#### The problem
Copy out exactly the lines spanning the line with "And I'll plug" to the line with "Friendship assessment: understanding", inclusive, from the data underneath, with no pictures.

#### Data excerpts
================================

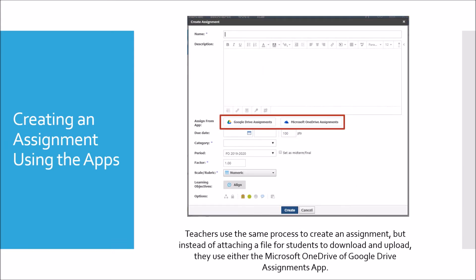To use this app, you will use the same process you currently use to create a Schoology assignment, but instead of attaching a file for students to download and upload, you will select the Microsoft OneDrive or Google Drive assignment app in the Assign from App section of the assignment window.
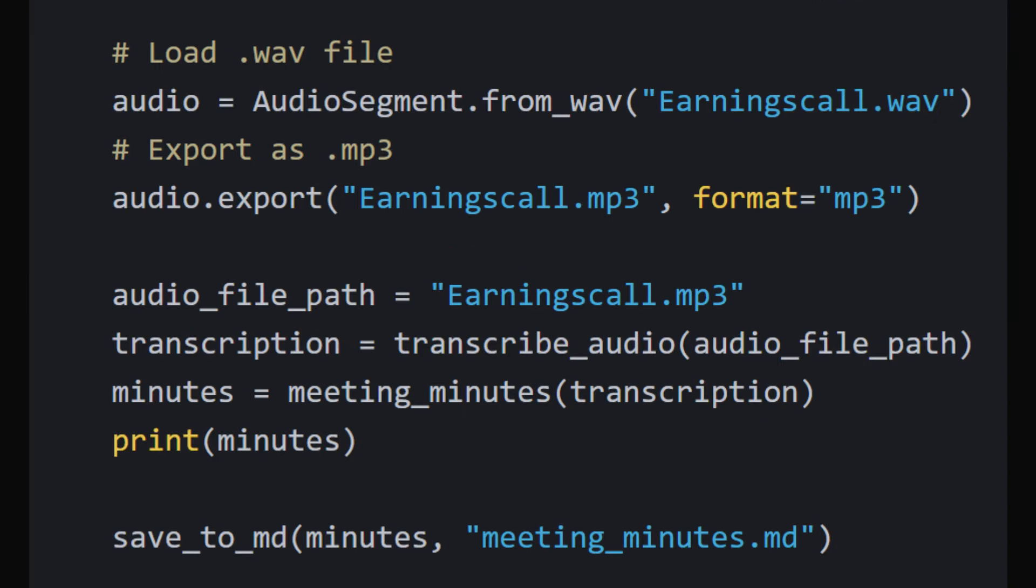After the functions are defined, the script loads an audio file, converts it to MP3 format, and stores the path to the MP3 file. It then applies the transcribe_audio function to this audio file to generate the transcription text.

================================

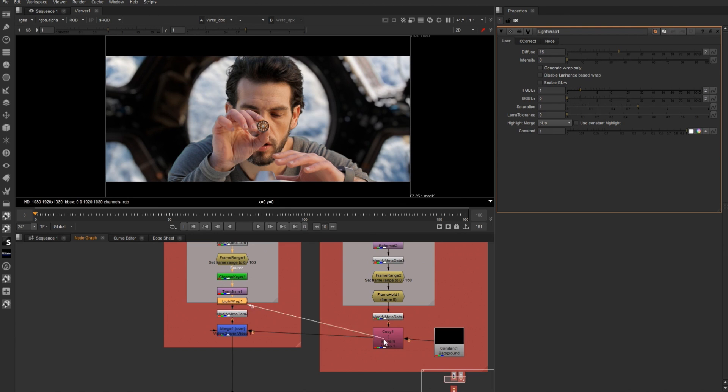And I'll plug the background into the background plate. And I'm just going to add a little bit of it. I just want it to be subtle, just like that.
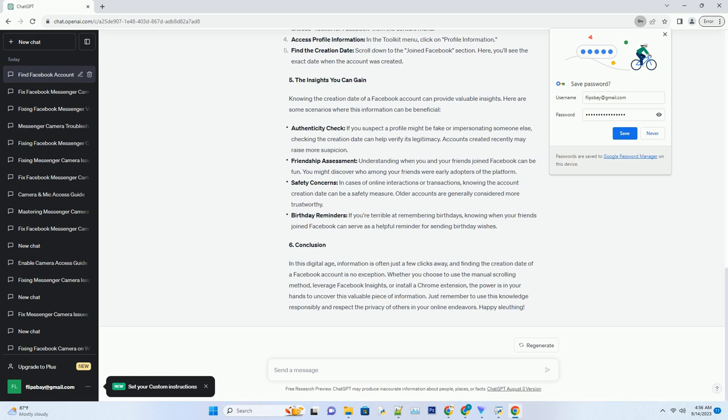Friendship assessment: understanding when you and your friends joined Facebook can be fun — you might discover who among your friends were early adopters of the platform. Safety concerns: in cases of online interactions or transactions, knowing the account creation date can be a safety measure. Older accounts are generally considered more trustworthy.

================================

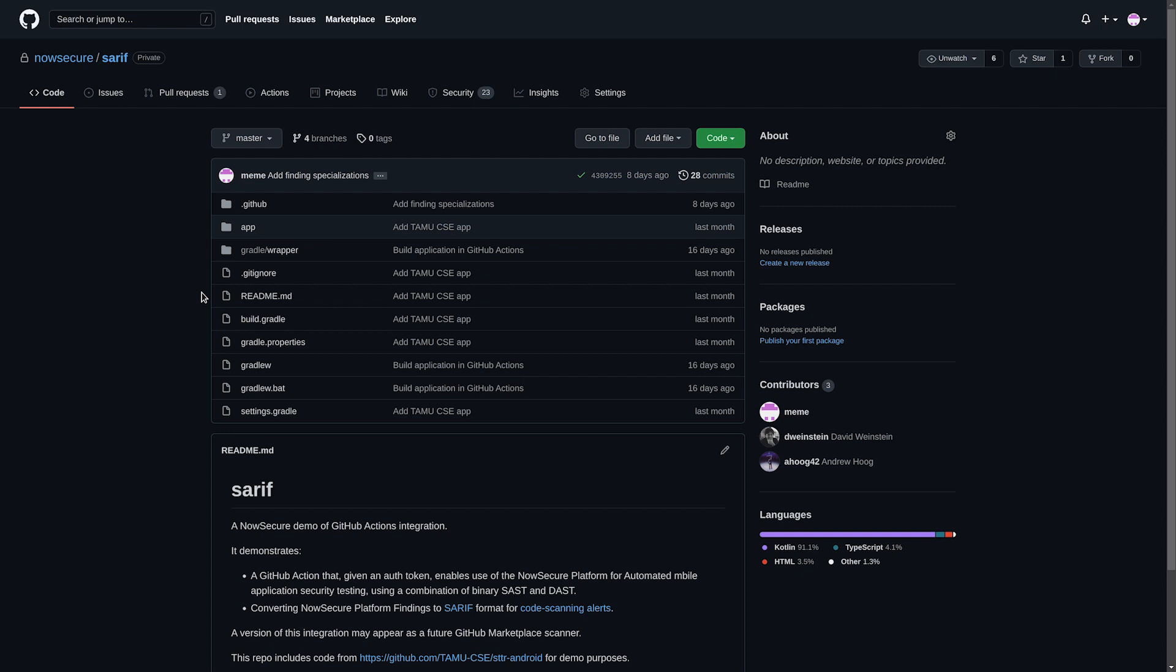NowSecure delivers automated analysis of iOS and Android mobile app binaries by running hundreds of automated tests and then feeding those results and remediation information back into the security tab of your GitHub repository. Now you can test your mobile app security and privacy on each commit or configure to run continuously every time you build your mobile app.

================================

#### Solved exercise
And I'll plug the background into the background plate. And I'm just going to add a little bit of it. I just want it to be subtle, just like that.
Friendship assessment: understanding when you and your friends joined Facebook can be fun — you might discover who among your friends were early adopters of the platform. Safety concerns: in cases of online interactions or transactions, knowing the account creation date can be a safety measure. Older accounts are generally considered more trustworthy.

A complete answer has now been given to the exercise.